For the first time, the league held the NFL Honors, an awards show to salute the best players and plays for the season. The 1st NFL Honors was held at the Murat Theatre in Indianapolis, Indiana on February 4, 2012.

| Award | Winner | Position | Team |
|---|---|---|---|
| AP Offensive Player of the Year | Drew Brees | Quarterback | New Orleans Saints |
| AP Defensive Player of the Year | Terrell Suggs | Linebacker | Baltimore Ravens |
| AP Coach of the Year | Jim Harbaugh | Head coach | San Francisco 49ers |
| AP Offensive Rookie of the Year | Cam Newton | Quarterback | Carolina Panthers |
| AP Defensive Rookie of the Year | Von Miller | Linebacker | Denver Broncos |
| AP Comeback Player of the Year | Matthew Stafford | Quarterback | Detroit Lions |
| AP Most Valuable Player | Aaron Rodgers | Quarterback | Green Bay Packers |
| Pepsi Rookie of the Year | Cam Newton | Quarterback | Carolina Panthers |
| Walter Payton NFL Man of the Year | Matt Birk | Center | Baltimore Ravens |
| Super Bowl Most Valuable Player | Eli Manning | Quarterback | New York Giants |

===Team superlatives===

====Offense====
- Most points scored: Green Bay, 560 (35.0 PPG)
- Fewest points scored: St.

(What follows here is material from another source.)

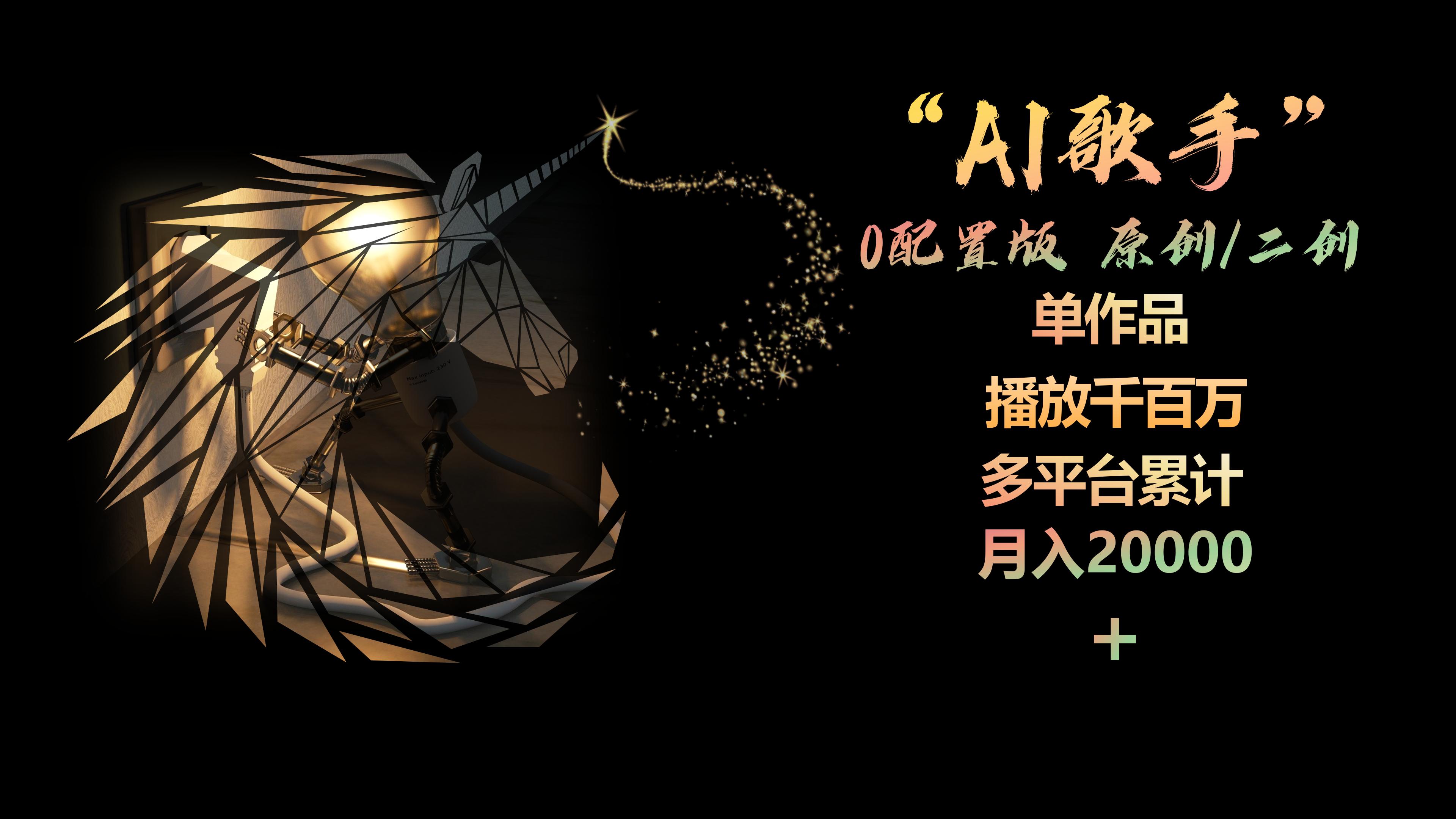 AI歌手，0配置版，原创/二创，单作品播放千百万，多平台累计，月入20000+-易购网创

Louis, 193 (12.1 PPG)
- Most total offensive yards: New Orleans, 7,474
- Fewest total offensive yards: Jacksonville, 4,149
- Most total passing yards: New Orleans, 5,347
- Fewest total passing yards: Jacksonville, 2,179
- Most rushing yards: Denver, 2,632
- Fewest rushing yards: New York Giants, 1,427

====Defense====
- Fewest points allowed: Pittsburgh, 227 (14.2 PPG)
- Most points allowed: Tampa Bay, 494 (30.9 PPG)
- Fewest total yards allowed: Pittsburgh, 4,348
- Most total yards allowed: Green Bay, 6,585
- Fewest passing yards allowed: Pittsburgh, 2,751
- Most passing yards allowed: Green Bay, 4,796
- Fewest rushing yards allowed: San Francisco, 1,236
- Most rushing yards allowed: Tampa Bay, 2,497

==Head coach/front office changes==
===Head coach===
- Offseason
The uncertain labor issues and the possibility of a lockout were speculated to have a minimizing effect on coaching changes prior to the 2011 season, with owners predicted to be more hesitant than usual to hire a high-price, high-profile head coach. Nevertheless, eight coaches were fired either during or immediately after the 2010 NFL season, compared to three in the year prior; only one of the new hires (John Fox) had ever been a head coach in the NFL prior to their hirings or promotions. However, Leslie Frazier, and Jason Garrett did get some experience as interim coaches during the 2010 season, with Garrett being successful in his debut season, going 5–3 in his tenure, improving the 1–7 Cowboys to a 6–10 season.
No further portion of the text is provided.